### DATA PROVIDED
★ ★ ★ ★ ★ ★ ★

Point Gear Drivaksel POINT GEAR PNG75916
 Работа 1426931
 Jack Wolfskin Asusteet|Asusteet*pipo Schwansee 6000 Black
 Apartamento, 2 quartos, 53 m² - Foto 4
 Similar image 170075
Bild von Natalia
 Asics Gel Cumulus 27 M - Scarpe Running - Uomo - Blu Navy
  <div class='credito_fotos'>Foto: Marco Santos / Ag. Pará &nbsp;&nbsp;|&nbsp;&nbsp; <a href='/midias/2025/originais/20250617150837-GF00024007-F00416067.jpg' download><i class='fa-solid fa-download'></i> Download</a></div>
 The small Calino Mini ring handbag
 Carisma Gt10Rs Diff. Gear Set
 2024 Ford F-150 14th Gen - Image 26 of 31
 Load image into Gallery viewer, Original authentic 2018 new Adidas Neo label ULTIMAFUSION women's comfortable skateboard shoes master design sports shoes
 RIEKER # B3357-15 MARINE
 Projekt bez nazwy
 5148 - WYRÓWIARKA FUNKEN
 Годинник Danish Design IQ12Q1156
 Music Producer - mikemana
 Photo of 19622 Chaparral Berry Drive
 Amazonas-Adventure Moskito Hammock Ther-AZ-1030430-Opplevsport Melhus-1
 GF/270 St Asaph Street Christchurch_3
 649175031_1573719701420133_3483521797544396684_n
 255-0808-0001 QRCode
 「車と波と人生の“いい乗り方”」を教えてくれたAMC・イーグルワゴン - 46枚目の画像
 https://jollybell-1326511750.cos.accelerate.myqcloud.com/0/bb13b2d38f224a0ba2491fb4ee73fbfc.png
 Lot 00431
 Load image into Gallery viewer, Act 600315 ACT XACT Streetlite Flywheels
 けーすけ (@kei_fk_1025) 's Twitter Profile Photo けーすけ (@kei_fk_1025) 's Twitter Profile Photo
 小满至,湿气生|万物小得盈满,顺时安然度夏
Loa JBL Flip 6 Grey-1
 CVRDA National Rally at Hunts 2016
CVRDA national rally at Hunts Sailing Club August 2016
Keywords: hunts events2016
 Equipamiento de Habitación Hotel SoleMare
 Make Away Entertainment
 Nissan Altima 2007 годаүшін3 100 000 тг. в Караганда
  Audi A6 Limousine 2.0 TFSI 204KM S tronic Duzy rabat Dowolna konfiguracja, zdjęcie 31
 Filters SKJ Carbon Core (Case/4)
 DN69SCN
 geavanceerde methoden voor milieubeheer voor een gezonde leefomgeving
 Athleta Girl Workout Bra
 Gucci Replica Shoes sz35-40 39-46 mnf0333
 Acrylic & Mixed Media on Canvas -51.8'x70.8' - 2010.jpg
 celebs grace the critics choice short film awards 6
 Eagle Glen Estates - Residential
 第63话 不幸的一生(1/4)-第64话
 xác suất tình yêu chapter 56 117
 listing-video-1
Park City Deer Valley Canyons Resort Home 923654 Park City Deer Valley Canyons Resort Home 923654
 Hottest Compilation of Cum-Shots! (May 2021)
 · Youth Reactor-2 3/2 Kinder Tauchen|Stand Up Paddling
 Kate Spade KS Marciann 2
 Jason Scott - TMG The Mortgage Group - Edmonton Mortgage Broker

★ ★ ★ ★ ★ ★ ★

### EXERCISE INSTRUCTIONS
The line containing "2024 Ford F-150 14th Gen - Image 26 of 31" marks the end. Please print exactly every line from the top of the data to it, both included, and nothing more.

### SOLUTION TO THE PROBLEM
Point Gear Drivaksel POINT GEAR PNG75916
 Работа 1426931
 Jack Wolfskin Asusteet|Asusteet*pipo Schwansee 6000 Black
 Apartamento, 2 quartos, 53 m² - Foto 4
 Similar image 170075
Bild von Natalia
 Asics Gel Cumulus 27 M - Scarpe Running - Uomo - Blu Navy
  <div class='credito_fotos'>Foto: Marco Santos / Ag. Pará &nbsp;&nbsp;|&nbsp;&nbsp; <a href='/midias/2025/originais/20250617150837-GF00024007-F00416067.jpg' download><i class='fa-solid fa-download'></i> Download</a></div>
 The small Calino Mini ring handbag
 Carisma Gt10Rs Diff. Gear Set
 2024 Ford F-150 14th Gen - Image 26 of 31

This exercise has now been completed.